Steadman and petitioner met in Atlanta, Georgia, to negotiate a final agreement. Steadman initially proposed paying to petitioner $275,000 in cash at closing (representing petitioner's investment in Long Hill and legal and accounting fees), $250,000 in cash at the end of 1984, a $250,000 interest-bearing note with interest due in 2 years, a $250,000 interest-bearing note with interest due in 5 years, and a $175,000 interest-bearing contingent note due in 6 to 10 years. Petitioner did not accept Steadman's initial proposal. During the negotiations, changes both in the structure of the transaction and in the dollar amounts were made. No specific allocations of the purchase price for petitioner's interests were made to the $380,000 Note or to his interest in Long Hill.
The Realtec Agreement with Petitioner
By letter dated June 6, 1983, and amended June 17, 1983, petitioner and Realtec memorialized their final agreement for the acquisition by Realtec of petitioner's interest in Long Hill, petitioner's interest in the Georgetown Condominiums, 7 and all other creditor and/or shareholder claims of petitioner and Perlin Company against MPW (the Realtec Agreement). At the time of the negotiations and the signing of the Realtec agreement, Steadman did not distinguish between petitioner's interests and claims and Perlin Company's interests and claims. Realtec's goal was to purchase petitioner's total involvement in MPW and Long Hill, both his individual involvement and his involvement through his wholly owned corporation. Steadman, a licensed attorney, drafted the Realtec Agreement.

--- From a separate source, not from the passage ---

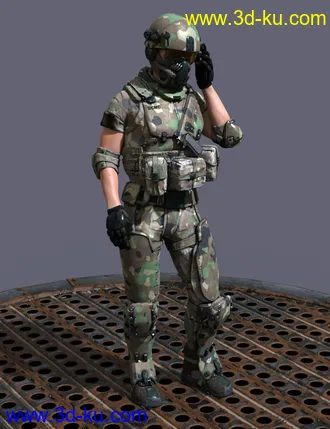 3D打印模型Colonial Forces Add-on for Tactical Assault Outfit for Genesis 8 Male(s)的图片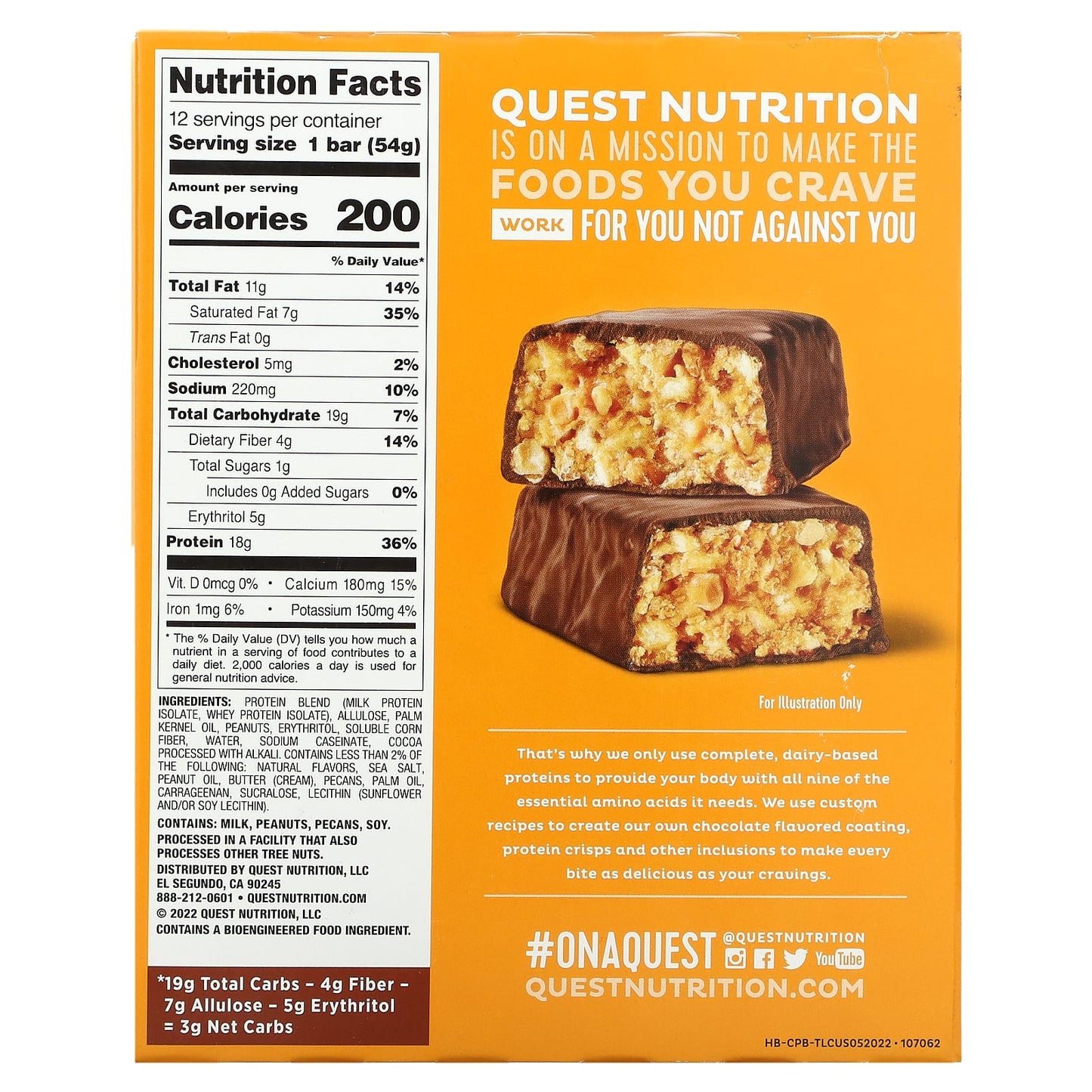 Quest Nutrition, Hero Protein Bar, Crispy Chocolate Peanut Butter, 12 Bars, 1.9 oz (54 g) Each - Image 2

7 Realtec used the Georgetown Condominiums as a negotiating tool to ultimately settle the bankruptcy proceedings. Some units were returned to Baker and some units to his attorneys. Title was never in Realtec's name, but Realtec "controlled their disposition".
In the Realtec Agreement, Steadman explained that he and Ford had had to reassess "where the Middle Plantation situation might be headed". He foresaw that the final outcome of the bankruptcy proceedings would be Realtec's acquisition of the Property either through the bankruptcy court's acceptance of Realtec's Modified Plan or through Realtec's making the highest bid at a forced sale. The outcome through either method would require a substantially greater investment by Realtec than originally contemplated. Steadman further recited that:
It is difficult for us to consider such an investment until we have reached agreement regarding the terms of a buy-out by Realtec of your position in Long Hill Properties. Although those terms have been previously discussed in the context of a settlement with [Baker], we are now looking at acquiring the property in a manner different than originally contemplated. I am accordingly setting forth the substance of an understanding which, hopefully, will cover all contingencies.

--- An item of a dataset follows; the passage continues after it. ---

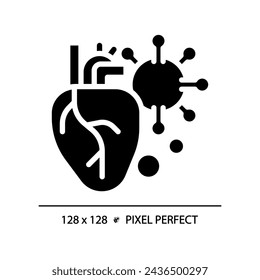 2D pixel perfect glyph style heart with virus icon, isolated vector, simple silhouette illustration representing bacteria.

The Realtec Agreement provided that the purchase of petitioner's various interests was contingent upon Realtec's acquisition of the Property, whether through the bankruptcy proceeding or otherwise.
The consideration agreed to by petitioner and Realtec consisted of a cash payment of $249,805 and four notes, each having a face amount of $250,000. The terms of the Realtec Agreement were as follows:
(1) Realtec would purchase petitioner's $200,000 share in the GMR mortgage (the First Trust Note) for $200,000, plus legal and accounting expenses of $49,805;
(2) Petitioner was to convey any unsold Georgetown Condominiums to Baker, if Baker could refinance or relieve petitioner of responsibility for the first mortgage. Petitioner was to account to Baker for the time the condominiums were in his possession. Alternatively, petitioner could sell the condominiums and give Baker the proceeds; 8
8 Pursuant to a Stipulation of Settlement and Resolution of All Outstanding Matters entered on July 25, 1985, by the United States Bankruptcy Court for the Eastern District of Virginia (the Stipulation of Settlement), petitioner and Mrs. Perlin assigned, transferred, sold, and set over to Cheryl Baker, as assignee of Hab Baker, all of their right, title, and interest in and to secured notes and contracts for sale, or cash from the sale, of eight units at the Georgetown Condominiums.

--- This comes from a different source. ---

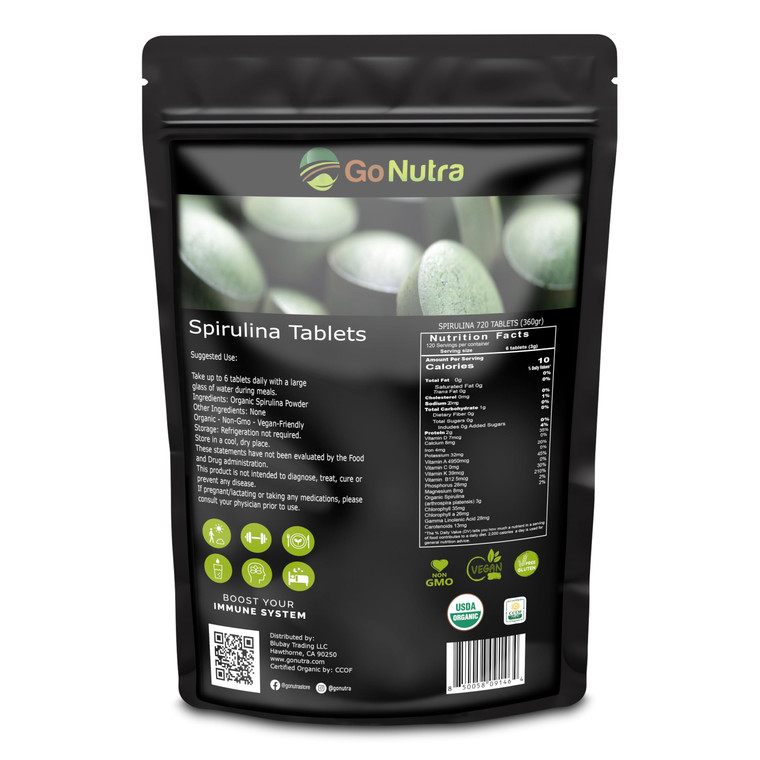 Go Nutra Organic Spirulina Tablets | Nutrient Dense Organic Spirulina Superfood | Protein, Vitamins, Minerals, Fibers, Amino Acids | No Fillers, Non-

On August 2, 1985, petitioner and Mrs. Perlin deeded five units of the Georgetown Condominiums to Montague, Montague, and Long, the Bakers' legal counsel. In addition, petitioner transferred $53,131, representing the gross proceeds (less closing costs and commissions but not mortgage indebtedness) from the sale of unit 2F to Montague, Montague, and Long.
Petitioner also assigned his stock interest in MPW to Cheryl Baker.
(3) A $250,000 note for cash to be paid 6 to 9 months after acquisition of the Property by Realtec. These funds would not bear interest;
(4) A $250,000 interest-bearing note due in 2 years after acquisition of the Property;
(5) A $250,000 interest-bearing note due in 5 years after acquisition of the Property; and
(6) A $250,000 Contingent Note due in 10 years after acquisition of the Property. Paragraph 5 of the Realtec Agreement specifically stated:
Additionally, a contingent note in the face amount of $250,000 will be delivered to you upon acquisition of the property, payable ten years after the date of acquisition if certain profit projections are met. We can discuss further the precise profit levels that payment of the note will be contingent upon, but I would expect them to be minimal, perhaps only requiring that the company at that time have a net worth of at least $2,000,000. The note will bear contingent interest beginning in its sixth year at prime with a collar of 8% and 12%, such interest being contingent on year-to-year profit levels of at least $250,000.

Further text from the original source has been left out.